Decide what the workflow should do when information is missing.

An AI instruction can say:

If a required detail is missing, write "Not provided."
Do not guess.

A decision step may direct incomplete input to a review path.

For example:

Input
→ Check required details
→ Complete: continue
→ Incomplete: request human review

Planning for missing information makes the workflow more reliable.

Plan for errors

A model, tool, provider, or connection may become unavailable.

Consider what should happen when a step fails.

Depending on the workflow, you may:

  • stop the flow;
  • return a clear error message;
  • send the task to a review path;
  • use another available model; or
  • ask the user for corrected input.

Do not hide an important failure behind a normal-looking final answer.

Make errors visible so they can be reviewed.

Review sensitive information

Before using confidential information in Studio, review the complete workflow.

Check:

  • which providers and models receive the information;
  • whether a model is local or cloud-based;
  • which tools are available;
  • whether any step connects to an outside service;
  • where the final result is stored; and
  • whether unnecessary details can be removed.

A workflow may contain both local and online steps.

Review every step rather than assuming the entire flow follows the privacy level of one model.

Keep a human in the loop

Some workflows should include a person before the final action.

Human review is especially important when the workflow affects:

  • customers;
  • employees;
  • money;
  • contracts;
  • legal rights;
  • health;
  • safety;
  • security; or
  • access to important services.

A workflow can prepare a draft, summary, recommendation, or structured result without making the final decision automatically.

When a workflow is ready

A workflow is ready for regular use when:

  • every block has a clear purpose;
  • all required connections are present;
  • the expected input is understood;
  • several different examples have been tested;
  • every decision path has been checked;
  • tool actions have been confirmed;
  • errors are visible; and
  • the final result can be reviewed.

Continue improving the workflow when the task or source information changes.

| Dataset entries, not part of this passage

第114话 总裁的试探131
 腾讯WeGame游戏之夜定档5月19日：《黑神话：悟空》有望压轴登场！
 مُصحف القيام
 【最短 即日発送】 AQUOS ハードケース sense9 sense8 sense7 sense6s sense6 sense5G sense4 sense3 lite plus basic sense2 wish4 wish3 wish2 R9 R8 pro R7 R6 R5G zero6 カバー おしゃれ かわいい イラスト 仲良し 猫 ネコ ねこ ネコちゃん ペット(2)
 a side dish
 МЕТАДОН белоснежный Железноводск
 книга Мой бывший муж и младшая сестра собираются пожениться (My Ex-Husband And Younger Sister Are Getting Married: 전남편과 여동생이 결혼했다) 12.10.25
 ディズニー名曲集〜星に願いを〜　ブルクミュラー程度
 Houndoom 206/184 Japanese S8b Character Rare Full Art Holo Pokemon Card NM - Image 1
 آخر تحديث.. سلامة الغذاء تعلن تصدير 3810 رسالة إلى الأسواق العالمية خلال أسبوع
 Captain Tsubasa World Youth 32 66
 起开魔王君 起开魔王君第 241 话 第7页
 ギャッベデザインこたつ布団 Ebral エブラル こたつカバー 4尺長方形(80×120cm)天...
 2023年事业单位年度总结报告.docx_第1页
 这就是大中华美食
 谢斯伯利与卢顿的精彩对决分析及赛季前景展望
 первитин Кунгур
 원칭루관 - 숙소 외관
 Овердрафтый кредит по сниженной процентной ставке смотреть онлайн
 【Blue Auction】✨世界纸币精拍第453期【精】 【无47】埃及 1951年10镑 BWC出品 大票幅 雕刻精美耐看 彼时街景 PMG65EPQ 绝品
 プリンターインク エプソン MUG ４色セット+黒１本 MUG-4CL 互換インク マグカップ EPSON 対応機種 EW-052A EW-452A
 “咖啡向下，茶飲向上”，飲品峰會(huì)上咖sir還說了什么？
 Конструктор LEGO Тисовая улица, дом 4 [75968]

When to use Studio instead of Workbench

Use Workbench when:

  • the task is exploratory;
  • you expect follow-up questions;
  • the process changes often;
  • you are comparing instructions; or
  • you only need the result once.

Use Studio when:

  • the task has clear steps;
  • you expect to repeat it;
  • the result needs a consistent format;
  • tools or decisions are part of the process; or
  • the workflow should be saved for RunFlows.

A common path is to discover the task in Workbench and organise it in Studio.

Start with a small workflow

Your first Studio workflow does not need branches, several models, or many tools.

Begin with:

Input → AI Task → Output

Test it until the result is useful.

Then add one improvement at a time.

This makes Studio easier to learn and keeps every change understandable.

Frequently Asked Questions

Do I need to know how to code to use Studio?
No. Studio uses a visual canvas where you add, configure, and connect blocks through the application.
Can one workflow use more than one AI model?
Yes. Individual AI steps can use different available models, although each additional model should have a clear purpose.
Why should I test every decision path?
Each path can contain different blocks, tools, and results. Testing only the main path may leave errors in the other routes.
Can I use a workflow directly from Studio?
Yes. Studio can be used to test a workflow while you build it. After saving and testing it, RunFlows is the main area for regular use.